Accelerator: HPU training

Audience: Users looking to save money and run large models faster using single or multiple Gaudi devices.


What is an HPU?

Habana® Gaudi® AI Processor (HPU) training processors are built on a heterogeneous architecture with a cluster of fully programmable Tensor Processing Cores (TPC) along with its associated development tools and libraries, and a configurable Matrix Math engine.

The TPC core is a VLIW SIMD processor with an instruction set and hardware tailored to serve training workloads efficiently. The Gaudi memory architecture includes on-die SRAM and local memories in each TPC and, Gaudi is the first DL training processor that has integrated RDMA over Converged Ethernet (RoCE v2) engines on-chip.

On the software side, the PyTorch Habana bridge interfaces between the framework and SynapseAI software stack to enable the execution of deep learning models on the Habana Gaudi device.

Gaudi offers a substantial price/performance advantage – so you get to do more deep learning training while spending less.

For more information, check out Gaudi Architecture and Gaudi Developer Docs.


Run on Gaudi

To enable PyTorch Lightning to utilize the HPU accelerator, simply provide accelerator=HPUAccelerator()" parameter to the Trainer class.

from lightning_habana.pytorch.accelerator import HPUAccelerator

# run on as many Gaudi devices as available by default
trainer = Trainer(accelerator="auto", devices="auto", strategy="auto")
# equivalent to
trainer = Trainer()

# run on one Gaudi device
trainer = Trainer(accelerator=HPUAccelerator(), devices=1)
# run on multiple Gaudi devices
trainer = Trainer(accelerator=HPUAccelerator(), devices=8)
# choose the number of devices automatically
trainer = Trainer(accelerator=HPUAccelerator(), devices="auto")

The devices=1 parameter with HPUs enables the Habana accelerator for single card training. It uses SingleHPUStrategy.

The devices>1 parameter with HPUs enables the Habana accelerator for distributed training. It uses HPUParallelStrategy which is based on DDP strategy with the addition of Habana’s collective communication library (HCCL) to support scale-up within a node and scale-out across multiple nodes.


Scale-out on Gaudis

To train a Lightning model using multiple HPU nodes, set the num_nodes parameter with the available nodes in the Trainer class.

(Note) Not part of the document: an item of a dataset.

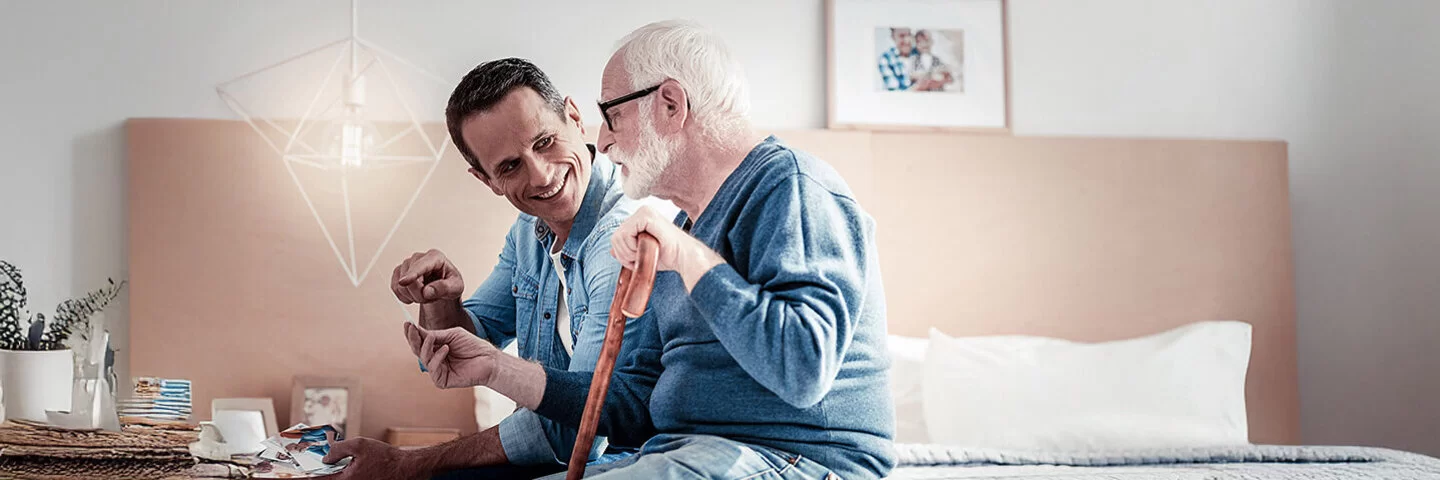 Ein Mann im Jeanshemd hält einen Geschenkumschlag und spricht freundlich seinem alten Vater zugewandt. Der Vater hat trägt eine große Brille, einen blauen Pullover und hält einen Gehstock. Sie sitzen auf der Bettkante im Zimmer des Vaters.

from lightning_habana.pytorch.accelerator import HPUAccelerator
from lightning_habana.pytorch.strategies import HPUParallelStrategy

hpus = 8
parallel_hpus = [torch.device("hpu")] * hpus
trainer = Trainer(accelerator=HPUAccelerator(), devices=hpus, strategy=HPUParallelStrategy(parallel_devices=parallel_hpus), num_nodes=2)

In addition to this, the following environment variables need to be set to establish communication across nodes.

  • MASTER_PORT - required; has to be a free port on machine with NODE_RANK 0

  • MASTER_ADDR - required (except for NODE_RANK 0); address of NODE_RANK 0 node

  • WORLD_SIZE - required; how many workers are in the cluster

  • NODE_RANK - required; id of the node in the cluster

The trainer needs to be instantiated on every node participating in the training.

On Node 1:

MASTER_ADDR=<MASTER_ADDR> MASTER_PORT=<MASTER_PORT> NODE_RANK=0 WORLD_SIZE=16
    python -m some_model_trainer.py (--arg1 ... train script args...)

On Node 2:

MASTER_ADDR=<MASTER_ADDR> MASTER_PORT=<MASTER_PORT> NODE_RANK=1 WORLD_SIZE=16
    python -m some_model_trainer.py (--arg1 ... train script args...)

How to access HPUs

To use HPUs, you must have access to a system with HPU devices.

AWS

You can either use Gaudi-based AWS EC2 DL1 instances or Supermicro X12 Gaudi server to get access to HPUs.

Check out the PyTorch Model on AWS DL1 Instance Quick Start.